El primer gran éxito de Queiroz fue el Mundial juvenil de Arabia Saudí. El 3 de marzo de 1989, Portugal venció a Nigeria (2-0) y nadie olvidará el revuelo que se montó en Lisboa cuando esos muchachos orgullosos pasearon la copa por toda la ciudad, subidos en un autobús descapotable. El sucesor de Eusebio todavía no había aparecido, pero había señales esperanzadoras de una llegada inminente. En esos chavales, en Bizarro, actual entrenador de porteros de la selección absoluta, en Abel Xabier, en Madeira, en Jorge Costa, en Couto o en Joao Pinto, la hinchada vislumbró un éxito mayor. Dos años más tarde se sumaron Figo, Rui Costa, Sa Pinto y Capucho para lograr otro Mundial. Les llamaron la Generación de Oro pero nunca más volvieron a jugar otra final. La gente esperó, y los vio caer en la clasificación para el Mundial de EE UU, en 1994, y en las semifinales en la Eurocopa de 2000, y ante Corea, en la primera ronda del Mundial 2002.

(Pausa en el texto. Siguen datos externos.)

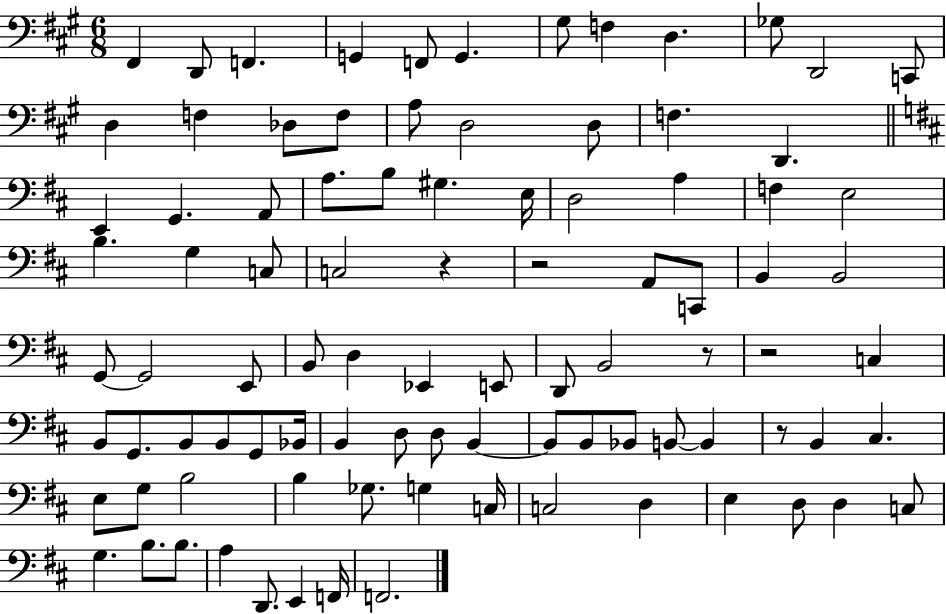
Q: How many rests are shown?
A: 5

Queiroz había dejado la federación en 1993. Se fue enfrentado al viejo aparato burocrático, incapaz de asumir el cambio. Su carrera en Portugal había iniciado el declive; pero la mitología futbolística ya acunaba al heredero de Eusebio, y con él, un relevo de jóvenes contagiados: gente como Maniche, Valente, Carvalho, Gomes, Costinha o Cristiano Ronaldo.
Mañana, Couto será el único representante del equipo de 1989; Figo y Rui Costa, los únicos sobrevivientes de 1991. Tras alcanzar la final, el miércoles, Figo y Rui Costa se abrazaron como dos novios y sobre ellos se lanzaron muchos de los compañeros más jóvenes, como Nuno Gomes. "En este equipo hay jugadores de 19 a 34 años", dijo Gomes; "pero el espíritu y el esfuerzo de todo el grupo es el mismo que el de los veteranos. Ellos nos han dado la confianza. Han estado esperando este momento durante muchos años y puede que sea su última oportunidad".
Hoy, las rodillas de Figo se chocan menos. "Si le corrijo eso, lo estrago", había dicho Queiroz, para negarse a estropear al genio. Mañana, en el estadio de La Luz, el sucesor de Eusebio volverá a jugar una final. La primera de Portugal, la última de la Generación de Oro.